Quelques facteurs qui expliquent le «flop» américain

L'océan

Le travail des météorologues a été compliqué par le fait que Juno a évolué dans l'océan Atlantique. On y trouve des bouées météorologiques, mais elles sont beaucoup plus espacées que les stations terrestres. Ce manque d'information a contribué à faire diverger les différents modèles de prévision.

Une tempête à «gradient serré»

Les tempêtes comme Juno qui frappent la côte Est des États-Unis sont souvent délimitées par une frontière très nette à l'ouest. À l'est de cette frontière, il neige beaucoup ; à l'ouest, beaucoup moins. C'est ce que les météorologues appellent une tempête à «gradient serré de précipitation». Cela rend le jeu des prévisions beaucoup plus difficile. Dans ce cas, cette frontière est passée juste à l'est de la ville de New York.
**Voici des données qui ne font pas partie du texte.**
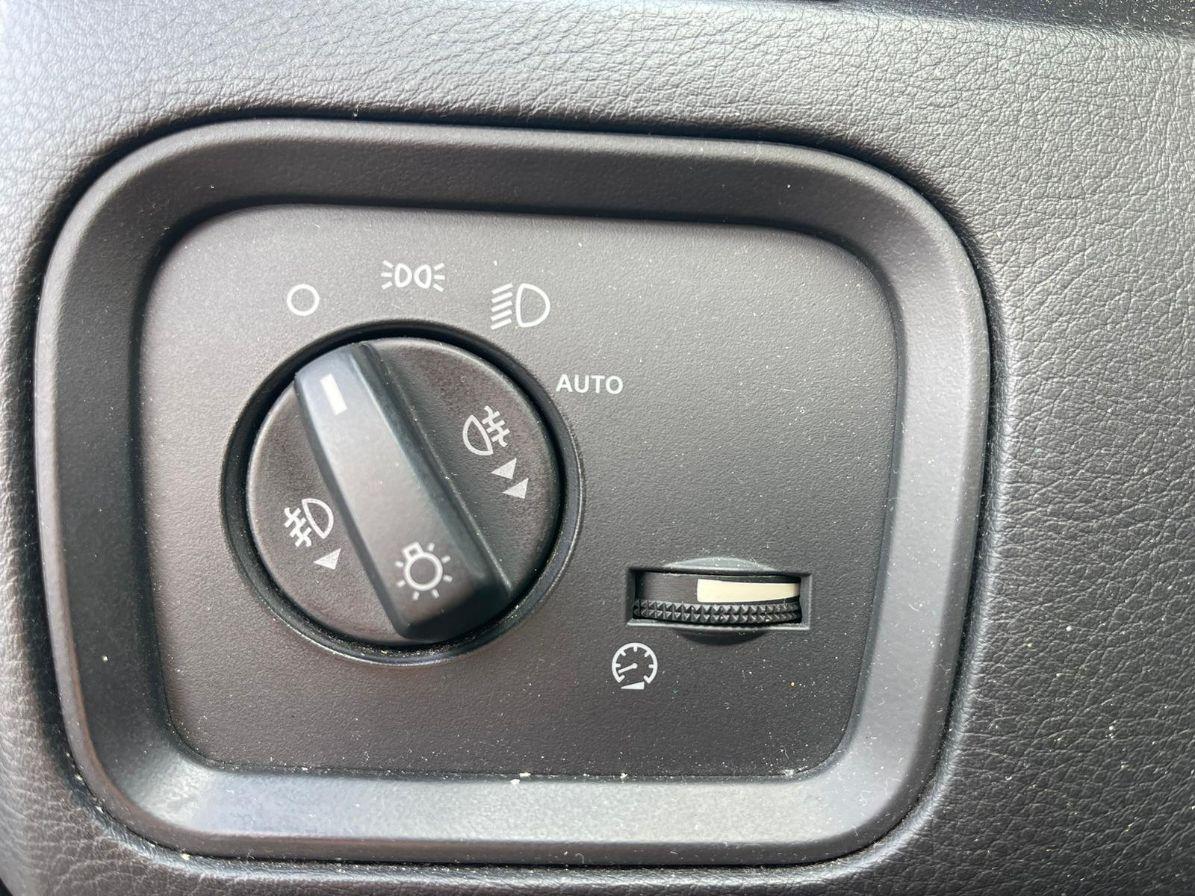 Land Rover Range Rover Sport 2.7 tdV6 HSE auto LEGGI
À Long Island, à quelques dizaines de kilomètres du centre-ville, il est d'ailleurs tombé près de 60 cm de neige comme prévu.

New York est New York

André Cantin, d'Environnement Canada, souligne que les prévisions des météorologues américains étaient loin d'être mauvaises si on les regarde sur l'ensemble de la côte Est américaine. Le hic, c'est que leur point faible est tombé non pas sur un village perdu, mais bien sur New York, la plus grosse ville des États-Unis. Les mesures d'urgence excessives ont donc touché entre 10 et 15 millions de personnes. M. Cantin souligne cependant que ces mesures ont sans doute été utiles.

«On dirait qu'il ne s'est rien passé parce qu'il n'y avait personne sur les routes, fait-il remarquer. Mais sinon, on aurait peut-être vu des carambolages, des morts et des opérations de déneigement qui paralysent la ville.»

La politique

La controverse météorologique qui touche aujourd'hui New York s'ajoute à une série d'événements récents qui ont probablement mis le National Weather Service sur les dents. En 2011, l'agence fédérale avait annoncé des inondations importantes à New York en prévision de l'ouragan Irene, mais les dégâts avaient finalement été enregistrés plus au nord. Puis, en 2012, elle avait fait le contraire en minimisant la menace de l'ouragan Sandy. En novembre dernier, le gouverneur de l'État de New York, Andrew Cuomo, a accusé le National Weather Service de ne pas avoir prévu une importante tempête... alors qu'elle l'avait fait. Ceci a sans doute incité l'agence à être plus alarmiste que moins.